Fertility company launches Series A round through equity crowdfunding

BOULDER — An early stage company focused on providing health and fertility data for women is seeking $3.5 million in a Series A round — and is doing so through crowdfunding.

Kindara Inc. is a Boulder-based company that was started in 2011 with an app and bluetooth thermometer to help women track their fertility. Over time, Kindara has developed a following: 15,000 units shipped of its Wink thermometer, a top downloaded app and, most importantly said chief operations officer Tia Newcomer, 180,000 monthly active users.

Ira Hernowitz
Tia Newcomer

It’s that community, Newcomer said, that Kindara thought of when it was time to raise a new round of funding, on top of the $6.5 million the company has raised since its inception.

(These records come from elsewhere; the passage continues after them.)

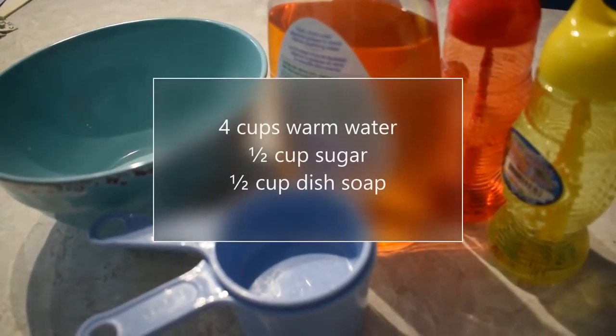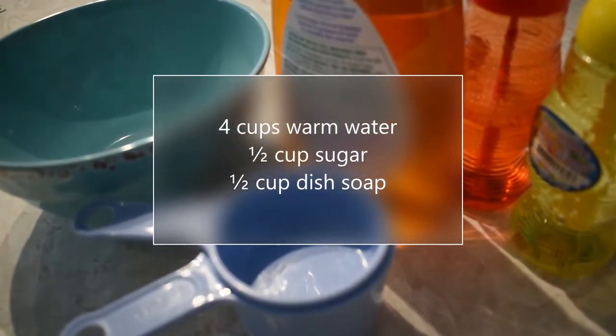Did you know you can make your own bubbles? Mix 4 cups of warm water with half a cup of sugar and half a cup of dish soap.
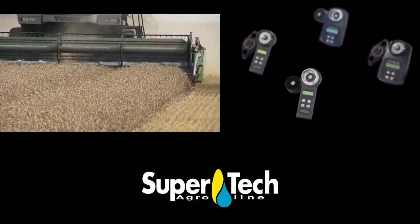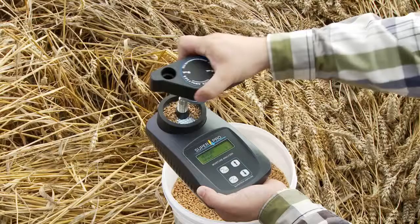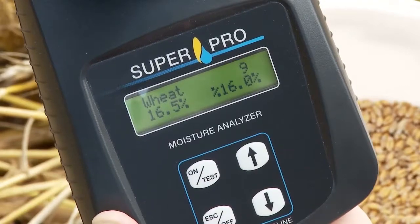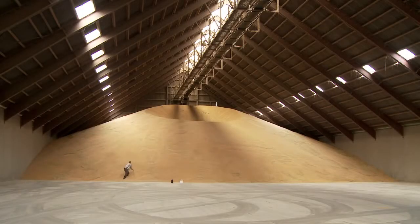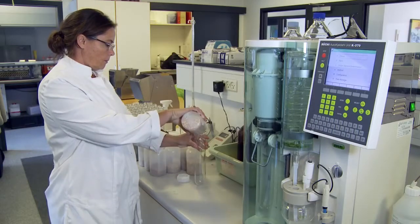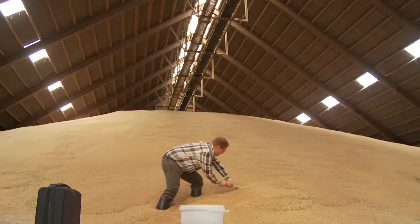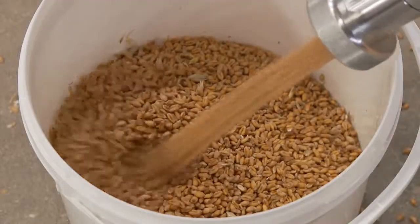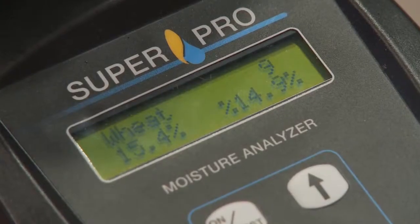SuperPro Moisture Analyzer is an easy way to determine the moisture content in crops, whether it is in the field before or during harvest, during the drying process, or afterwards in storage. This Danish high technology moisture analyzer gives you the market's safest measurement of water content in crops and seeds. Integrated automatic temperature compensation, grinding and compression of the sample gives a more reliable result every time.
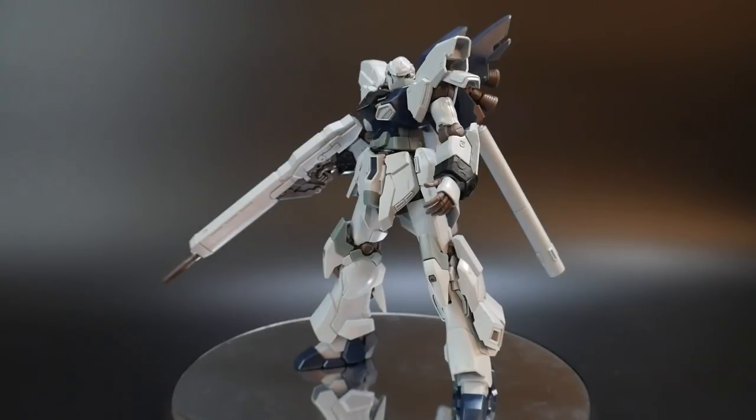Like all the other pose videos, we're essentially going to be doing three poses. I'm going to do a fast bit of me putting it in that pose and then do a nice little 360 of it afterwards. So let's move on to the first pose.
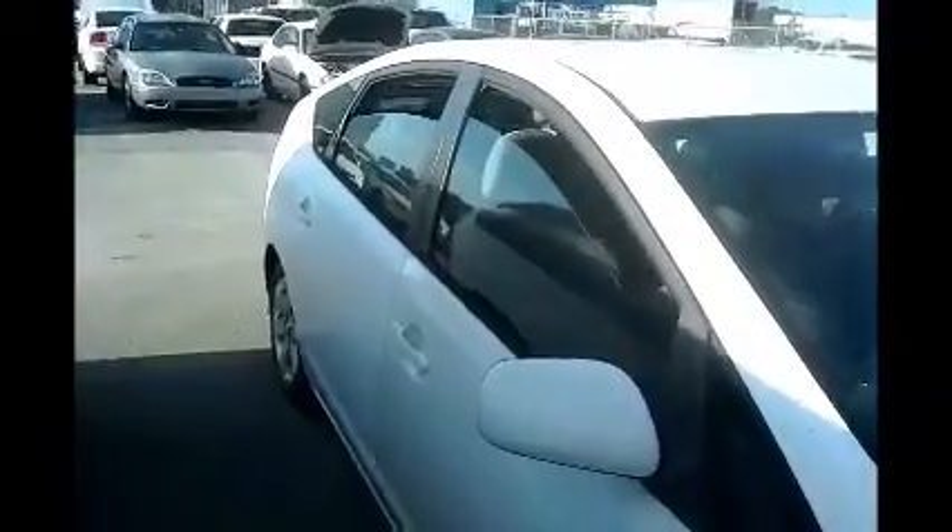Windows on this side — two open. Take a look at the back seat.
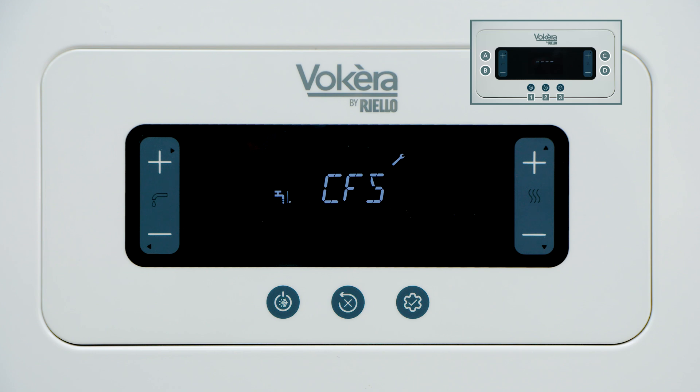If CFS appears in the display, that's a reminder set into the boiler that your boiler needs a service after one year's use. This is necessary to keep the warranty intact. I hope this information has been useful. Thank you very much.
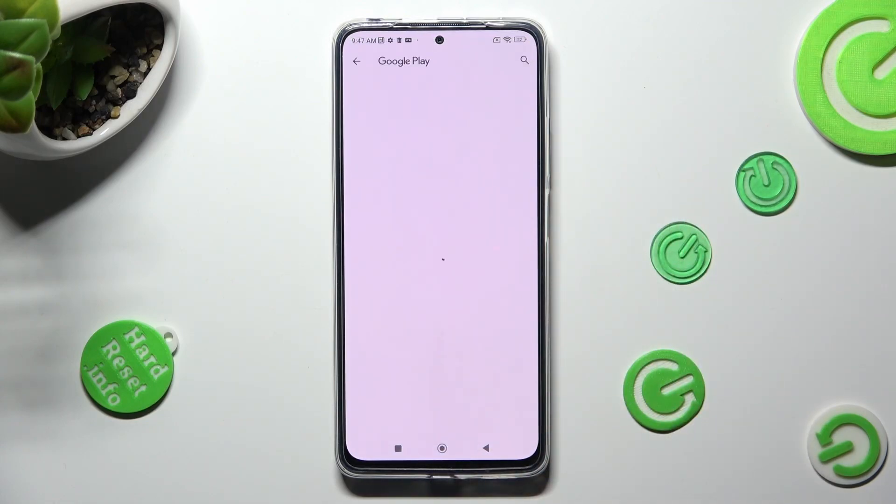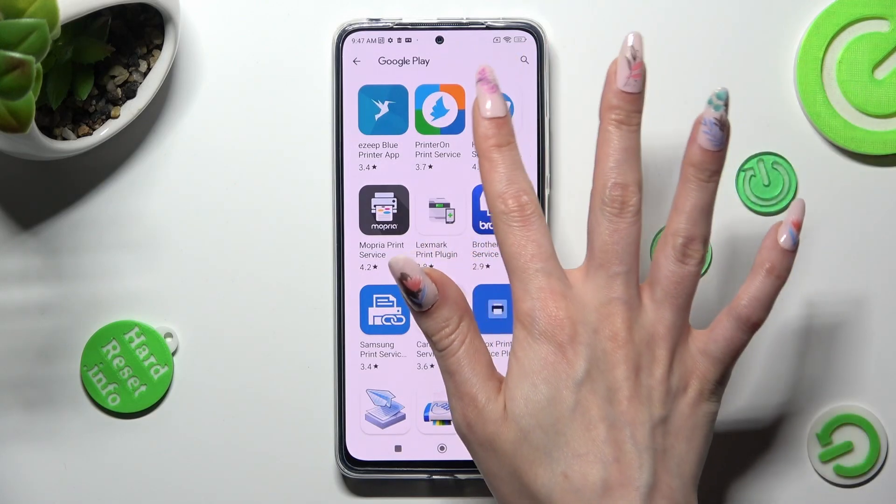Now install the best one for you from the list of available ones. I will go with HP.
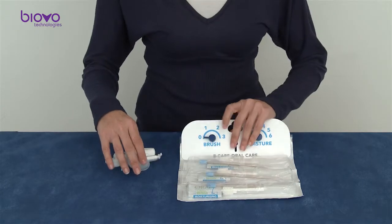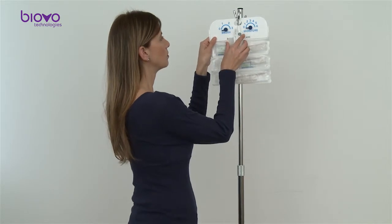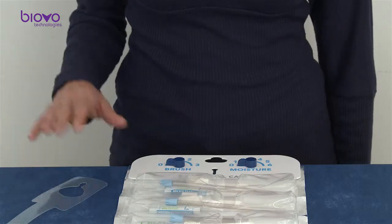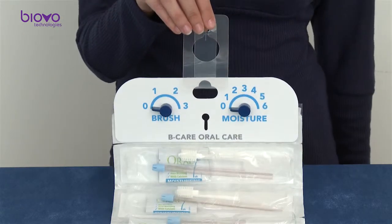On the first day of patient treatment, take the full kit. If using a bedside hanger, hang the kit board on it. The BeeCare can also be hung on a bed rail or an IV pole using the plastic hanger.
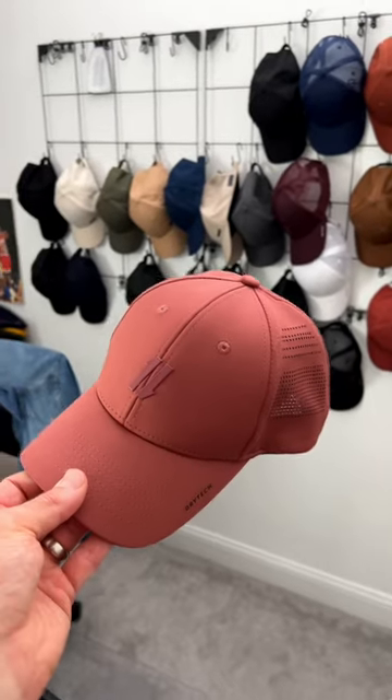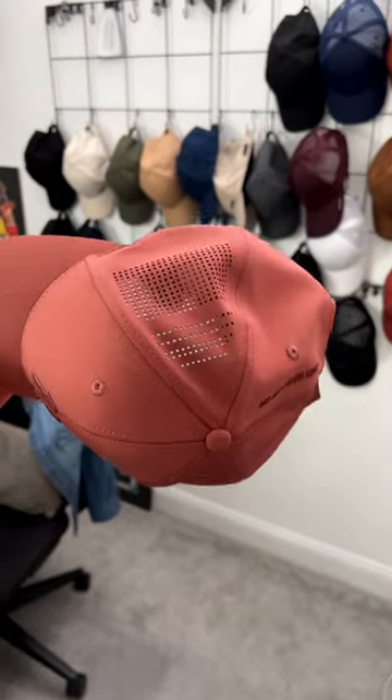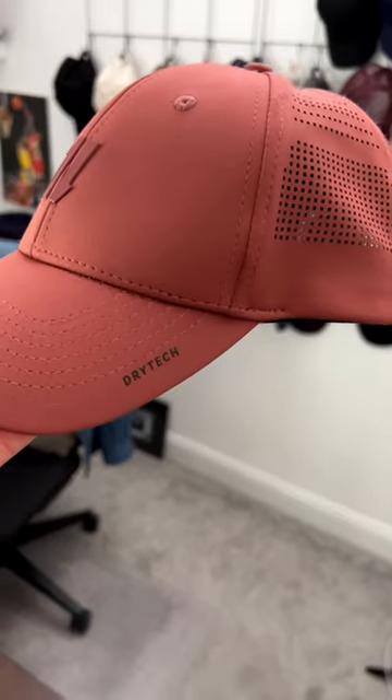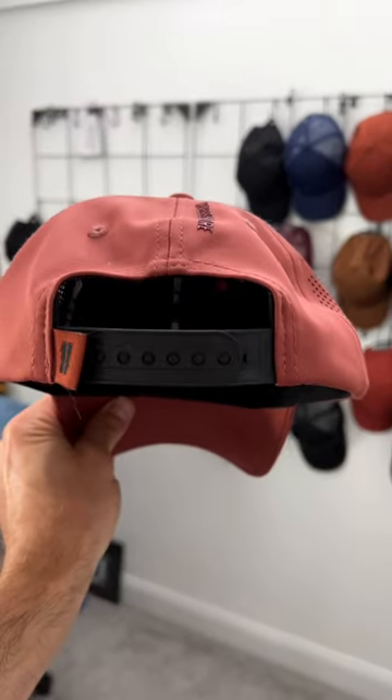For the details, it comes in a flexible body fabric that's going to wick sweat and breathe. We've got dual side perforation, a dry-check interior sweatband, blacked out interior, and then the snapback closure.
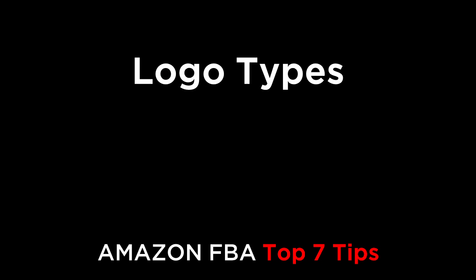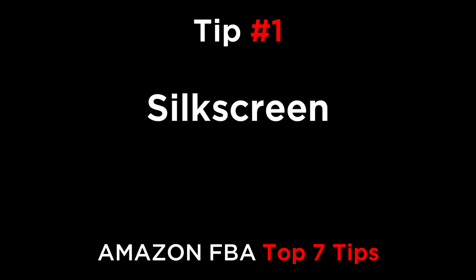Hi everyone. In this episode, we're going to cover the top seven tips on ways to brand your product. Tip number one is silkscreen. This is a type of printing, which is an extremely cheap way to add your logo to a product. It may cost between two and 10 cents to add your branding. Silkscreen printing works best with one color — you can have multiple colors, but it costs more and it's harder to control the quality.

“We felt that the community has invested in us at this point, why not give them the opportunity to own part of Kindara,” Newcomer told BizWest.

To make that happen, Kindara partnered with SeedInvest, an online platform for venture capital, angel investing and equity crowdfunding, that helps file all the necessary paperwork with the Securities and Exchange Commission.

“We did some pretty extensive research into the Reg A+ process, and SeedInvest offered the most in terms of experience in navigating the regulatory complexities, as well as having relatively broad experience in a new and complex form of fundraising,” Kindara’s chief executive Ira Hernowitz told BizWest in an email response to questions. “Additionally, they have a broad group of existing investors they have cultivated that were very attractive to Kindara … both accredited and nonaccredited. Ultimately, SeedInvest was the right choice for Kindara.”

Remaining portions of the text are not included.